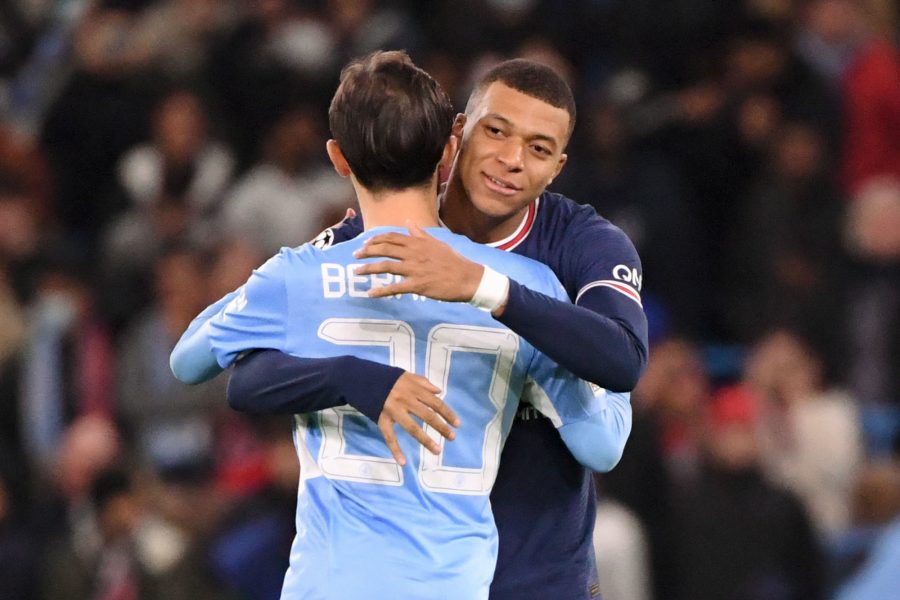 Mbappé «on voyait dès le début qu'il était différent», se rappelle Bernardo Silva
...
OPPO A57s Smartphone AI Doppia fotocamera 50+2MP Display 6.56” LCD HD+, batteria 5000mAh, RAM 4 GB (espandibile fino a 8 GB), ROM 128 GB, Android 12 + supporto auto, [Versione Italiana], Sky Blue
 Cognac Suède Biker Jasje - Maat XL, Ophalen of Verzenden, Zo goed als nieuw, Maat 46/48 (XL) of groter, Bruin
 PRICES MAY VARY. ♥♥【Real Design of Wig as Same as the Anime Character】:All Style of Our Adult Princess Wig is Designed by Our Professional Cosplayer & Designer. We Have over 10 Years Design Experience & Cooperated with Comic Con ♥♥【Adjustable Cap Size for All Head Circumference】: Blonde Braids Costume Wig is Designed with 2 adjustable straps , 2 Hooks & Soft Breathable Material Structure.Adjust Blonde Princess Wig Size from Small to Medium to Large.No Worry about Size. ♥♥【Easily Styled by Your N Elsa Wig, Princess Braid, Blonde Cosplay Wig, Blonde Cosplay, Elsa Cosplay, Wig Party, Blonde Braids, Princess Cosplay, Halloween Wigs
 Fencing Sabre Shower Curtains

- [Task statement] Copy the entries above exactly, but only from the line holding "OPPO A57s Smartphone" through the line holding "Fencing Sabre Shower Curtains", both included.

- [Task answer]
OPPO A57s Smartphone AI Doppia fotocamera 50+2MP Display 6.56” LCD HD+, batteria 5000mAh, RAM 4 GB (espandibile fino a 8 GB), ROM 128 GB, Android 12 + supporto auto, [Versione Italiana], Sky Blue
 Cognac Suède Biker Jasje - Maat XL, Ophalen of Verzenden, Zo goed als nieuw, Maat 46/48 (XL) of groter, Bruin
 PRICES MAY VARY. ♥♥【Real Design of Wig as Same as the Anime Character】:All Style of Our Adult Princess Wig is Designed by Our Professional Cosplayer & Designer. We Have over 10 Years Design Experience & Cooperated with Comic Con ♥♥【Adjustable Cap Size for All Head Circumference】: Blonde Braids Costume Wig is Designed with 2 adjustable straps , 2 Hooks & Soft Breathable Material Structure.Adjust Blonde Princess Wig Size from Small to Medium to Large.No Worry about Size. ♥♥【Easily Styled by Your N Elsa Wig, Princess Braid, Blonde Cosplay Wig, Blonde Cosplay, Elsa Cosplay, Wig Party, Blonde Braids, Princess Cosplay, Halloween Wigs
 Fencing Sabre Shower Curtains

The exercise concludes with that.